Therapies Targeting Stroke Recovery

Lorie G. Richards, PhD; Steven C. Cramer, MD

Disclosures

Stroke. 2023;54(1):265-269. 

In This Article

Abstract and Introduction

Abstract

Stroke recovery therapeutics include many classes of intervention and numerous treatment targets. Stroke is a very heterogeneous disease. As such, stroke recovery therapeutics benefit from a personalized medicine approach that considers intersubject differences, such as in infarct location or stroke severity, when assigning treatment. Prediction of treatment responders can be improved by incorporating biological measures, such as neural injury and neural function, as the bedside behavioral phenotype has an incomplete relationship with the biological events underlying stroke recovery. Another ramification of high variability between patients is the need to examine effects of restorative therapies in relation to dose, time poststroke, and stroke severity in clinical trials. For example, enrollment across a wide time interval poststroke or in a population with a very broad range of deficits means high variance across patients in the biological state of the brain. The doses of rehabilitation therapy being studied are often low; it takes substantial practice to acquire a skill in the healthy brain; this is more, not less, pronounced after a stroke. Recognition and treatment of poststroke depression represents a major unmet need. These points are considered in the context of a review of recent advances in stroke recovery therapeutics.

Introduction

Stroke recovery therapeutics remains a field with numerous classes of intervention, some of which are reviewed below. This class of therapies benefits from a personalized medicine approach, where differences such as infarct location are considered in treatment assignment.

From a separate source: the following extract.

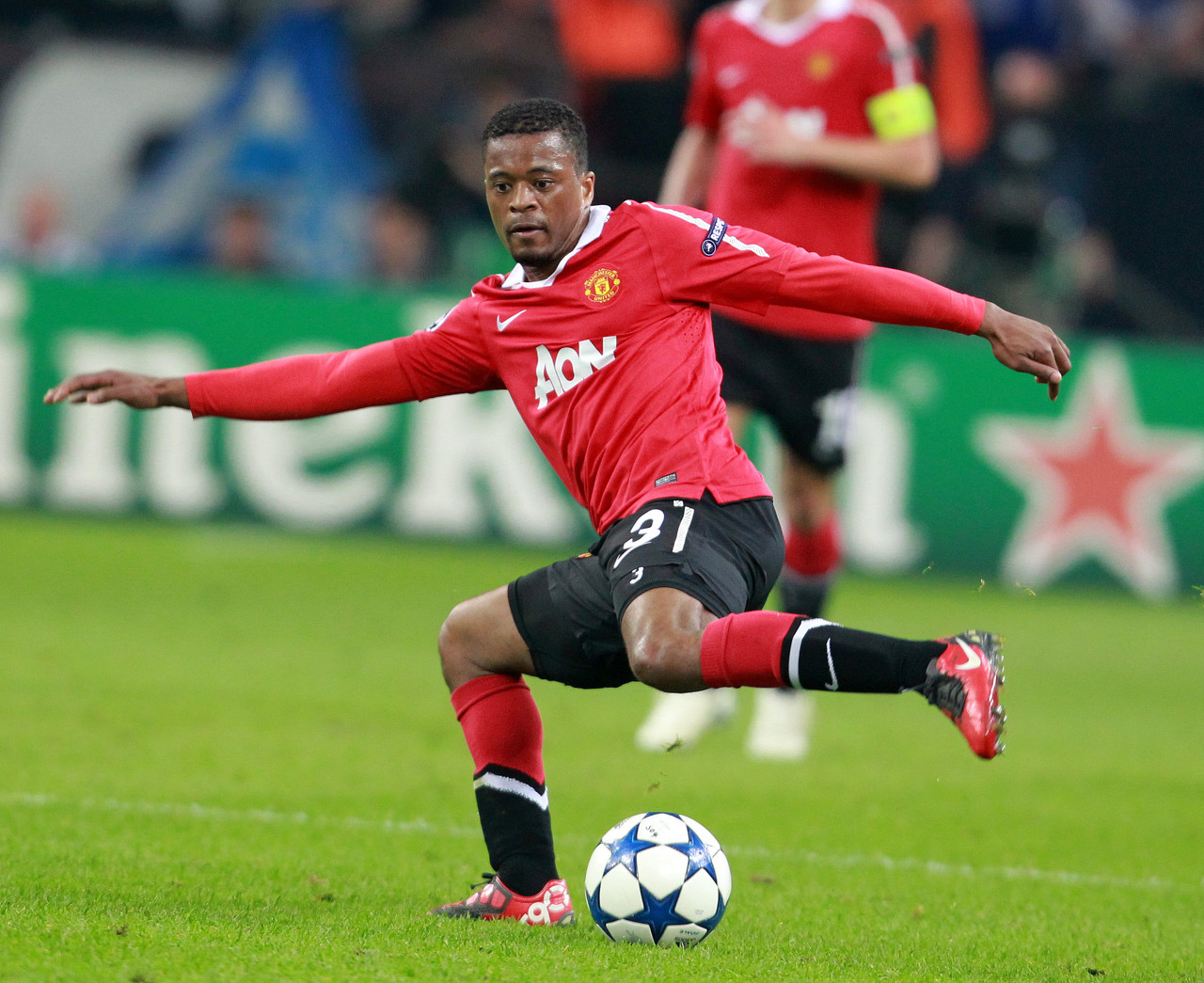 更让多特蒙 更让多特蒙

A common issue is that patients often receive a limited dose of rehabilitation therapy, both in clinical practice and in research trials. Imagine an Emergency Room where a patient with an ischemic stroke of 1-hour duration is given a mere 0.3 mg/kg dose of IV tPA (intravenous tissue-type plasminogen activator) because that is all insurance will pay for, or because that is all that is available. Unthinkable! Yet when it comes to dosing many forms of rehabilitation therapy during stroke recovery, that is the analogy that many patients face.